Yes, so I have made changes to the first sentence of my original post.


----------



## anhminh (Jun 5, 2018)

pedro702 said:


> people including me already bought those games on wiivc and wiiu vc, paying now 20$ a year to rent them yet again is just cheap imo.


I brought those game on nes too but no discount either.


----------



## pedro702 (Jun 5, 2018)

Cyber_Locc said:


> The issue is you didn't frame it that way.
> 
> Also I am with him, Nintendo has more exclusives that have online play than any other console. By a whole lot. Arguably they are the only ones subscribtion worth paying for.
> 
> ...


sonic mania is not exclusive either, no sonic game is exclusive to the switch...

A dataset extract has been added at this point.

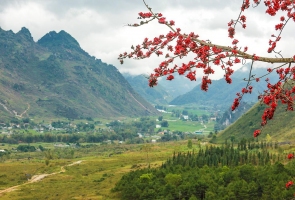 Đi tìm mùa hoa gạo bỏ quên ở núi rừng Quảng Nam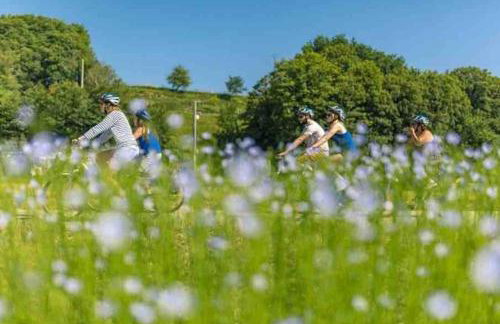 Gîte Les Eaux du Moulin piscine chauffée et jacuzzi - Foto 49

what i meant is psnplus and xbox1 give you free games that are well somewhat actual releases(atleast this gen relleases) and you have online for hundreds of games avalable.

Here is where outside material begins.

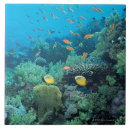 Pesquisar por peixes tropicais azulejos Animal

nintendo gives you some vc games that were released already to death on wii,wiiu and even snes,nes mini and can be emulated an a damn toater being the only perk the online netplay emulators have been doing or years and even counting 3rd partys ou probablly dont have 20 games.



anhminh said:


> I brought those game on nes too but no discount either.


dont compare the two...  what i mean is most people already got the games anyway on wii,wiiu or een snes/nes mini or emulated them so there is little incentive on renting them, if we could keep them atleast maybe but renting no thanks, this are 25+ years games they are not current  games so nintendo not even offering them to keep if you signed for one year to you is ridiculous.


----------



## DeletedMember411838 (Jun 5, 2018)

pedro702 said:


> sonic mania is not exclusive either, no sonic game is exclusive to the switch...
> 
> what i meant is psnplus and xbox1 give you free games that are well somewhat actual releases(atleast this gen relleases) and you have online for hundreds of games avalable.
> 
> nintendo gives you some vc games that were released already to death on wii,wiiu and even snes,nes mini and can be emulated an a damn toater being the only perk the online netplay emulators have been doing or years and even counting 3rd partys ou probablly dont have 20 games.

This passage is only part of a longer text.